- **What is being asked**: The lines to copy run from the one containing "Condensed milk and" to the end of the listing. Please write them out exactly, minus the pictures.

- **Provided material**:

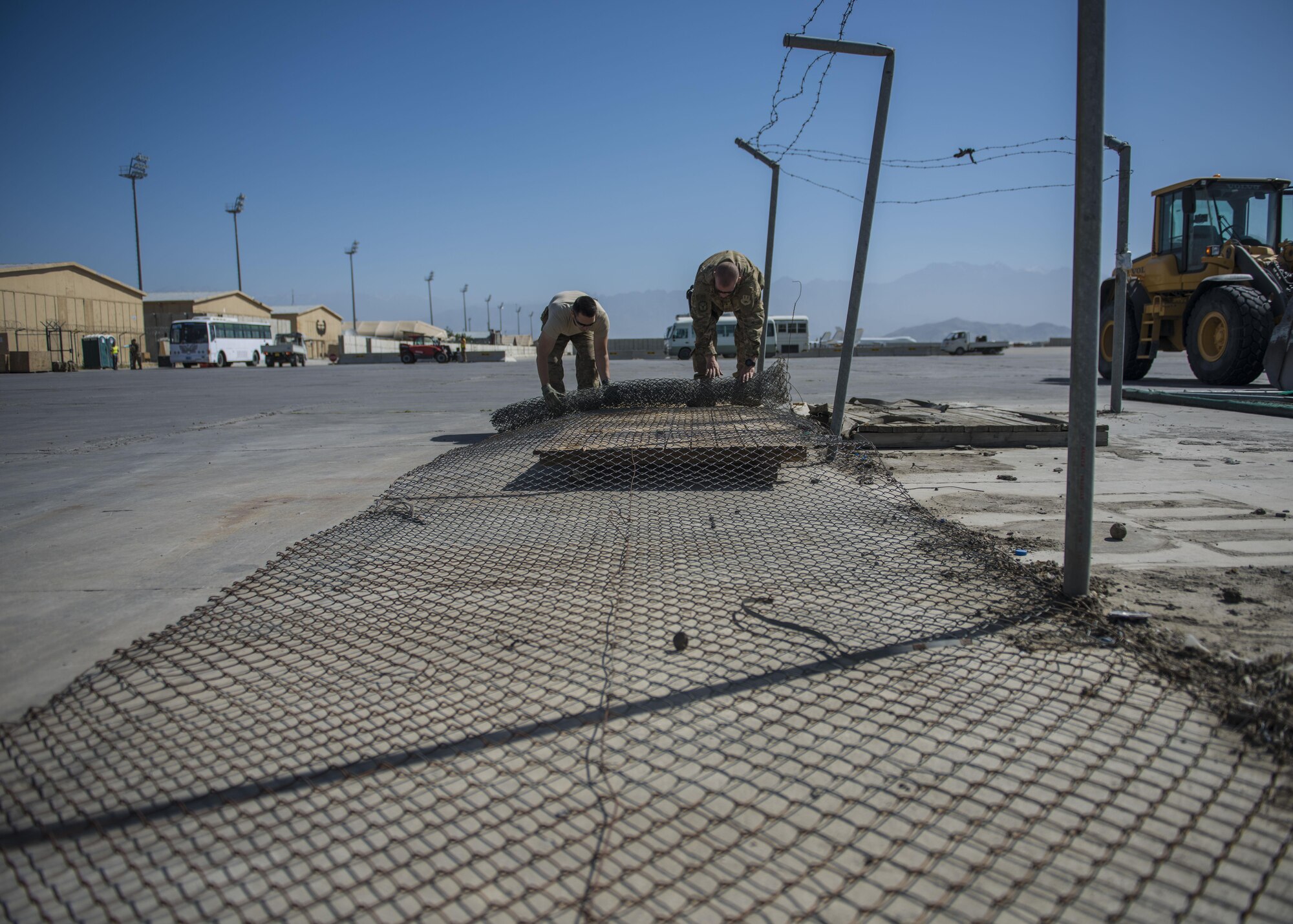 1st Lt. Paul Dennison (left), 455th Expeditionary Civil Engineer Squadron flight chief, and 1st Lt. Pablo Fernandez (right), 455th ECES operations flight chief, rolls a fence during a building demolition, June 22, 2016, Bagram Airfield, Afghanistan. The old petroleum, oil, and lubricant building is being demolished to make way for a new facility. (U.S. Air Force photo by Senior Airman Justyn M. Freeman)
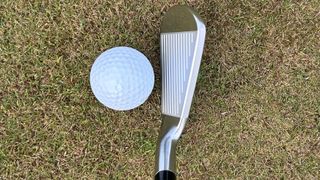 Photo of the Srixon ZXi5 Iron behind the ball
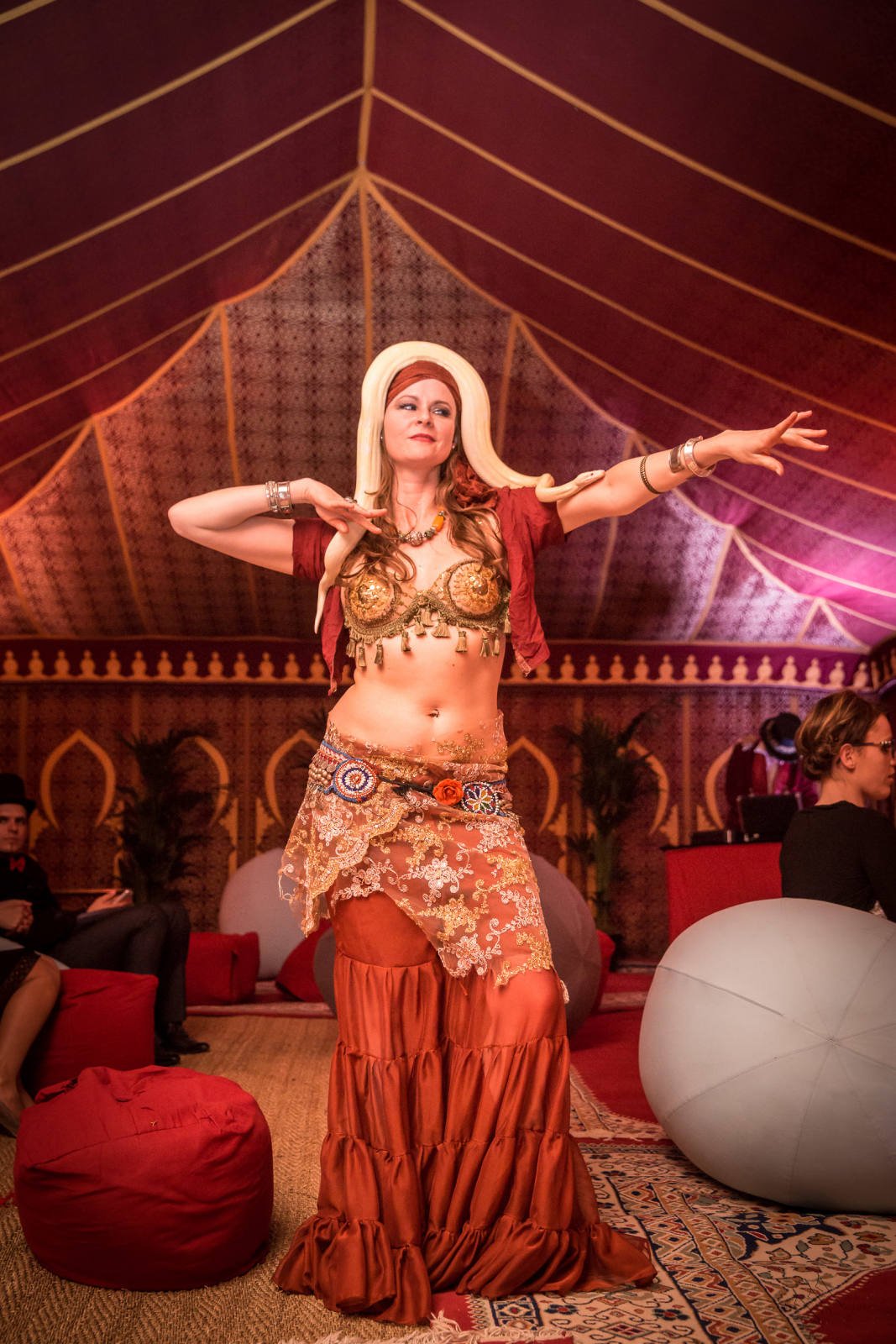 A woman in an ornate costume performing a dance inside a tent, wearing a headband and balancing a snake on her head and arms. The setting has a festive, decorated interior with people seated in the background.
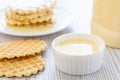 Condensed milk and waffles on a table. Royalty Free Stock Photo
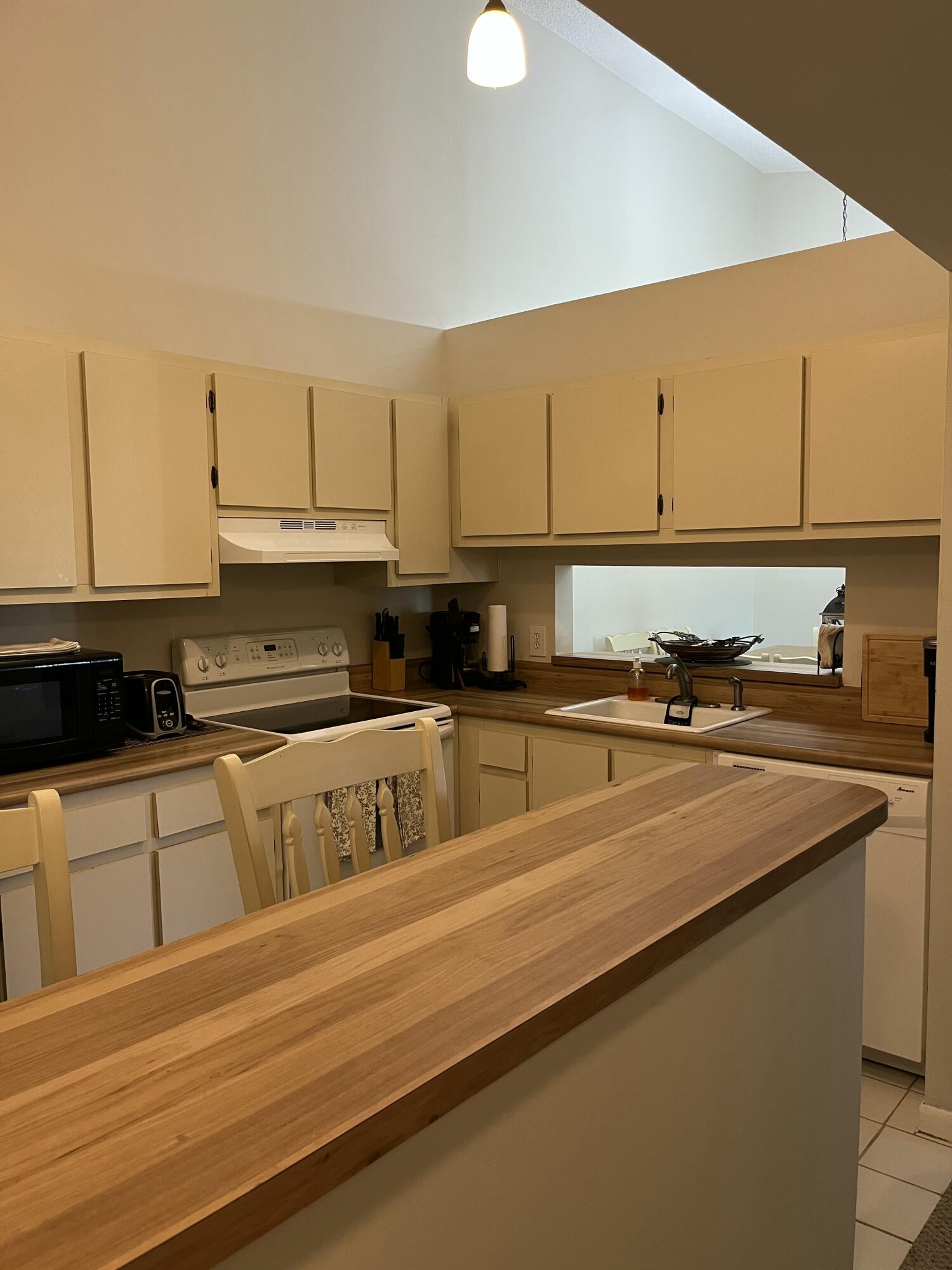 Kitchen with cream cabinets, white electric range, and long wooden breakfast bar.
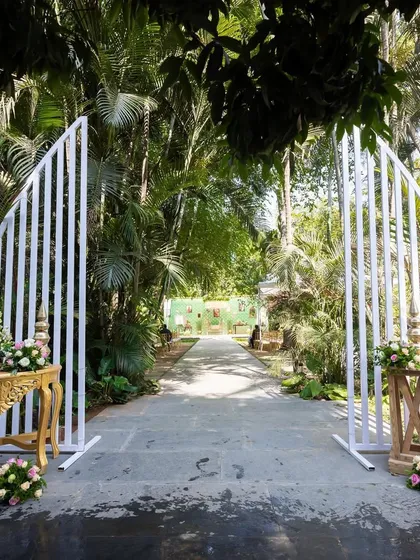 The entrance to the naming ceremony, featuring modern white arches that lead into a lush, green garden venue.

- **Solution to this problem**:
 Condensed milk and waffles on a table. Royalty Free Stock Photo
 Kitchen with cream cabinets, white electric range, and long wooden breakfast bar.
 The entrance to the naming ceremony, featuring modern white arches that lead into a lush, green garden venue.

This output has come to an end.